**PROBLEM TO WORK ON:**
Everything from the line containing "Nanotyrannus Lancensis Skull 3D Model" through the last line of the entries needs to be repeated exactly. Pictures must be left out.

DATASET EXCERPTS section start

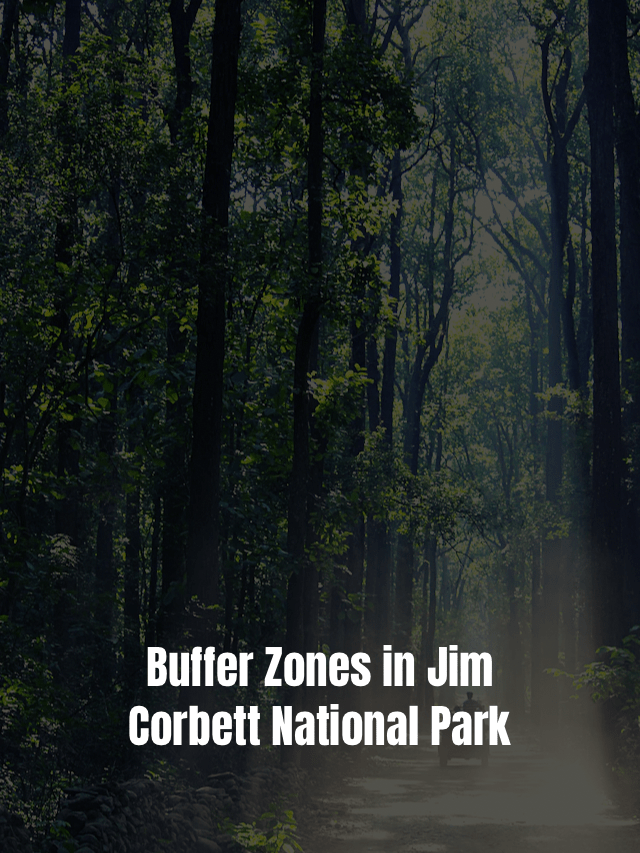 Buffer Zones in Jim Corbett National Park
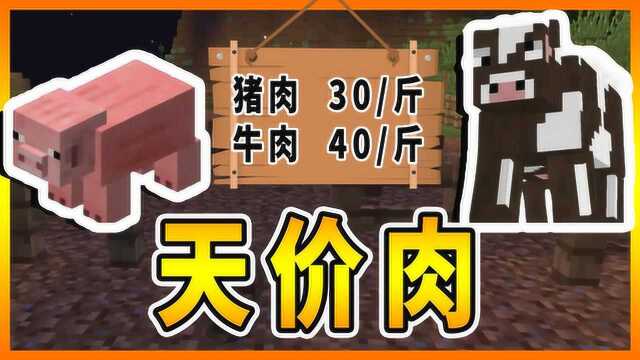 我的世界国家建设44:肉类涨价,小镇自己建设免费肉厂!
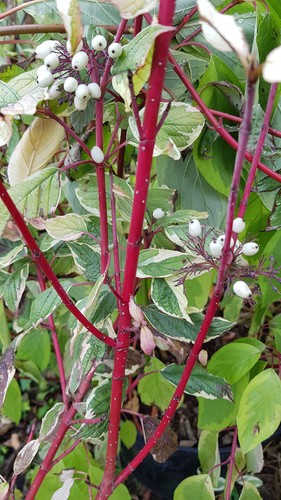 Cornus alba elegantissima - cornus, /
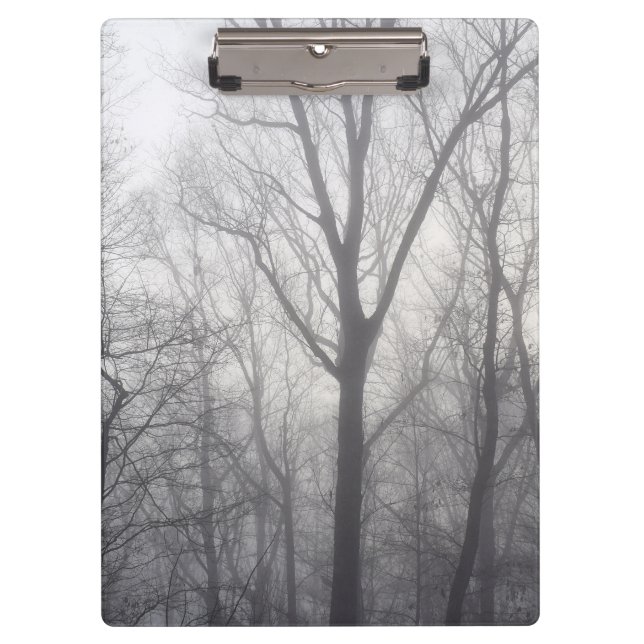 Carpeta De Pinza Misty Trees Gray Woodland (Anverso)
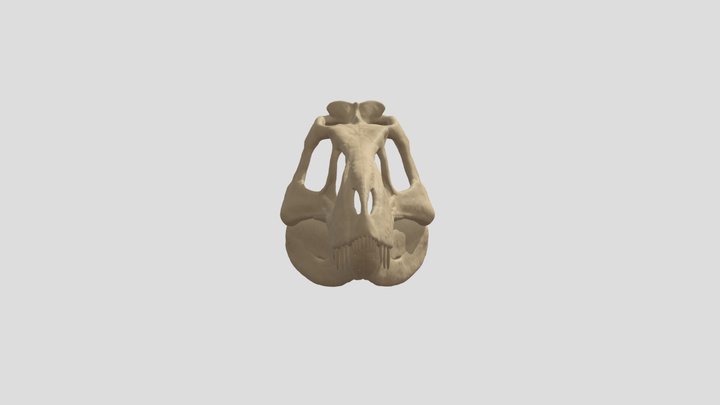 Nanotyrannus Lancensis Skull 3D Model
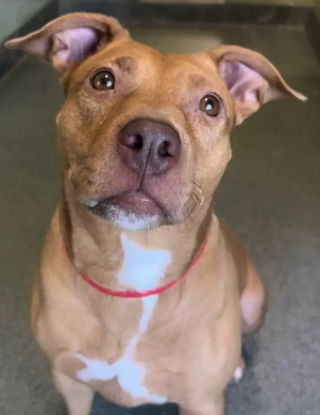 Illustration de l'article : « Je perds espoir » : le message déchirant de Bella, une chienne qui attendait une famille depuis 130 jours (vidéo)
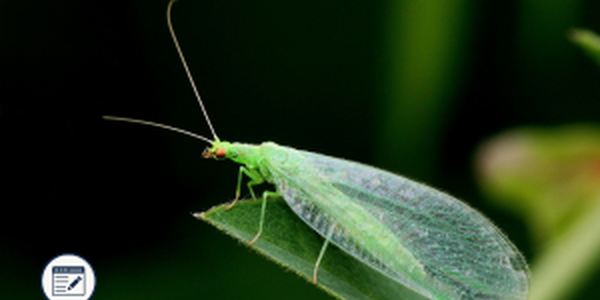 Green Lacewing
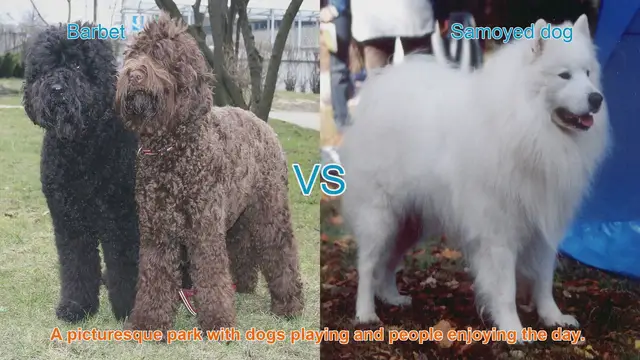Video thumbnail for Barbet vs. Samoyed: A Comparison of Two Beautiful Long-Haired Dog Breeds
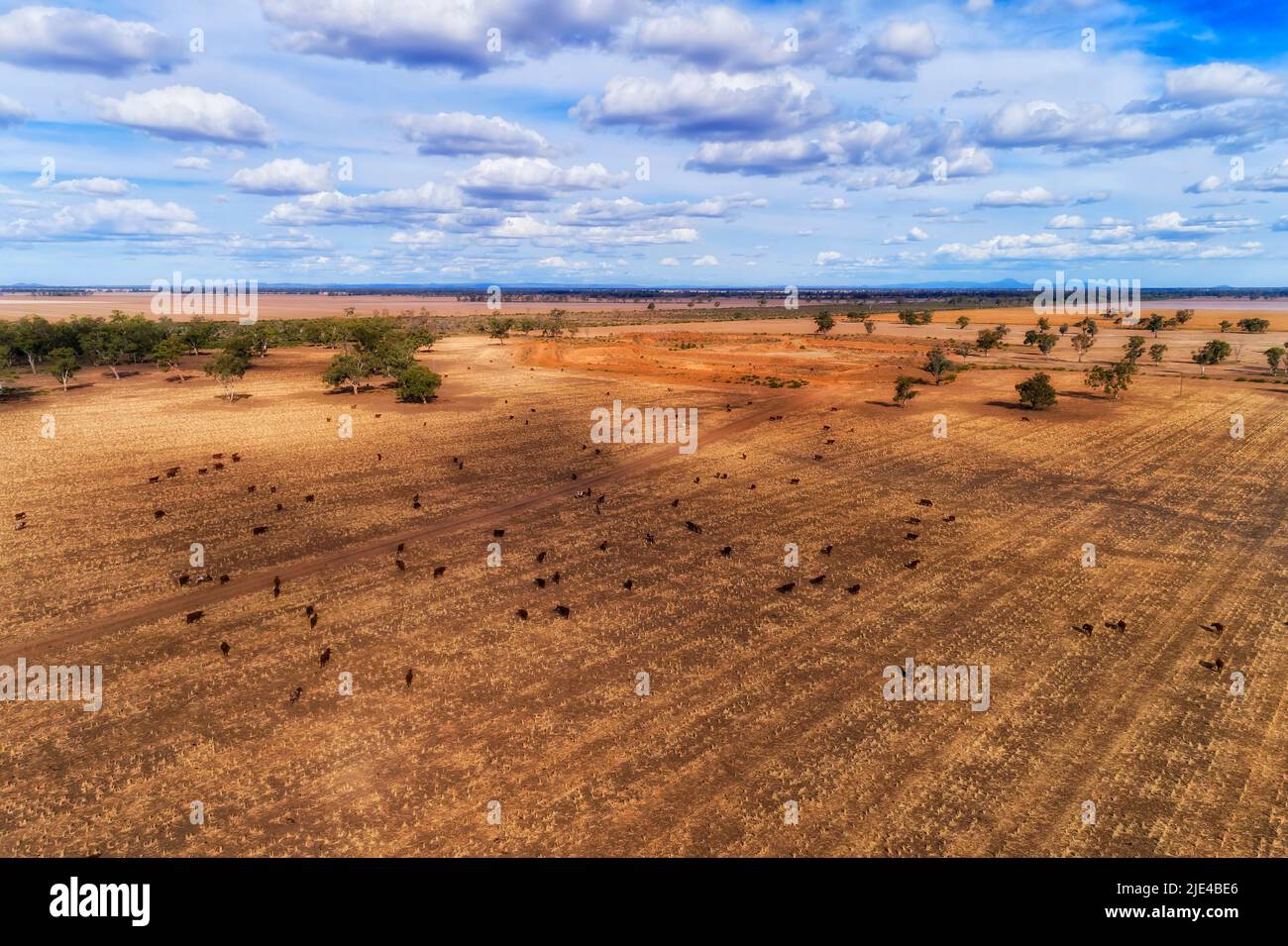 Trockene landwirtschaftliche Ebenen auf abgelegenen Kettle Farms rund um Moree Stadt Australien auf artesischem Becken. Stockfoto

DATASET EXCERPTS section end

**YOUR SOLUTION:**
 Nanotyrannus Lancensis Skull 3D Model
 Illustration de l'article : « Je perds espoir » : le message déchirant de Bella, une chienne qui attendait une famille depuis 130 jours (vidéo)
 Green Lacewing
Video thumbnail for Barbet vs. Samoyed: A Comparison of Two Beautiful Long-Haired Dog Breeds
 Trockene landwirtschaftliche Ebenen auf abgelegenen Kettle Farms rund um Moree Stadt Australien auf artesischem Becken. Stockfoto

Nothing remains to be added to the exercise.